# escaping britian



## ex Rifleman (Jun 25, 2011)

I'm nearly 35 years old and trying to find ways to emigrate to Canada,America,Australia or New Zealand...as you can tell I'm not fussy as long as I can get my family out of Britian.I served in the British Army in the Royal Green Jackets for 7 years and settling back in Liverpool must be my biggest regret.I am honest and reliable probably due to coming from a hard working family and my military background.I have a wife and 2 sons and everything I do is for thier benefit.I can drive trucks up to a class 2 in britian (not sure what that is in other countries) and can do general building work.I am also involved in kids football (soccer) by coaching/managing a team and I'm involved in other teams as a committee member so hopefully that bit of information can give you an idea of the type of person I am.If anyone could help me in ANY way at all I would be grateful...ideally if a trucking firm/building firm is willing to take a chance on me and sponsor me for immigration that would be my best option,I'm not accustommed to letting people down...thanks for any help folks
Gerard


----------



## carlb (Feb 11, 2011)

ex Rifleman said:


> I'm nearly 35 years old and trying to find ways to emigrate to Canada,America,Australia or New Zealand...as you can tell I'm not fussy as long as I can get my family out of Britian.I served in the British Army in the Royal Green Jackets for 7 years and settling back in Liverpool must be my biggest regret.I am honest and reliable probably due to coming from a hard working family and my military background.I have a wife and 2 sons and everything I do is for thier benefit.I can drive trucks up to a class 2 in britian (not sure what that is in other countries) and can do general building work.I am also involved in kids football (soccer) by coaching/managing a team and I'm involved in other teams as a committee member so hopefully that bit of information can give you an idea of the type of person I am.If anyone could help me in ANY way at all I would be grateful...ideally if a trucking firm/building firm is willing to take a chance on me and sponsor me for immigration that would be my best option,I'm not accustommed to letting people down...thanks for any help folks
> Gerard


I realize you may never be back to read this, so I am posting this mainly for others who are thinking of posting on here.

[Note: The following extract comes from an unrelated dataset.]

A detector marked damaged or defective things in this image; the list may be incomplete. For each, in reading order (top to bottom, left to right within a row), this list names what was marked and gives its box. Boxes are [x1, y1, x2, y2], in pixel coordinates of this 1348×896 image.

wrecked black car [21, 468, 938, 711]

If you really want people to take you seriously, don't say, "I'm not fussy" about emigrating to Canada, or America, Australia or New Zealand. A statement like that makes it sound like you are not serious about coming to Canada, so no one wants to waste their time replying, which could be why you have zero replies.


----------



## telcoman (Feb 11, 2010)

Gerard, try applying to individual provinces instead. It is a much easier process. 

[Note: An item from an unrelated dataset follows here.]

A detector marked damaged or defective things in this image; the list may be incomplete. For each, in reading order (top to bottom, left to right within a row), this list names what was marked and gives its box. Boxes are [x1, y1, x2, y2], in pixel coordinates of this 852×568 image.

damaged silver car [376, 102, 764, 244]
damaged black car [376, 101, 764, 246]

This website explains it: Provincial Nomination Program (PNP) - Immigrate to Canada Faster

You can apply to a province you have no intention of remaining in. Ones like PEI, Saskatchewan or Newfoundland can be easier than BC or Ontario. Once you have the permanent residency card, you can move anywhere in Canada. Just make an honest effort at finding a job in the sponsoring province first, even if you don't stay there.


----------



## kazz (Jun 28, 2011)

Sounds like you are just down in the dumps at the moment in Liverpool. Who says that there not fussy where they go? My other half spent 13yrs in the HM forces and he knew he wanted Canada... It's not an easy thing... It took two yrs and alot of money to get here..... My husband had all his licences in the UK (ie: HAZMAT , Class 2 etc ). As soon as he got a Canadian licence, he lost all his driving quals. The qualification do not carry over.... you need to start over. 
So please take this seriously, you have a family to support to. I have been in Canada for 2 yrs now and I want to go back to the UK within the next year or so. The Canadian winter in a force to be reckoned with!


----------



## carlb (Feb 11, 2011)

kazz said:


> Sounds like you are just down in the dumps at the moment in Liverpool. Who says that there not fussy where they go? My other half spent 13yrs in the HM forces and he knew he wanted Canada... It's not an easy thing... It took two yrs and alot of money to get here..... My husband had all his licences in the UK (ie: HAZMAT , Class 2 etc ). As soon as he got a Canadian licence, he lost all his driving quals. The qualification do not carry over.... you need to start over.
> So please take this seriously, you have a family to support to. I have been in Canada for 2 yrs now and I want to go back to the UK within the next year or so. The Canadian winter in a force to be reckoned with!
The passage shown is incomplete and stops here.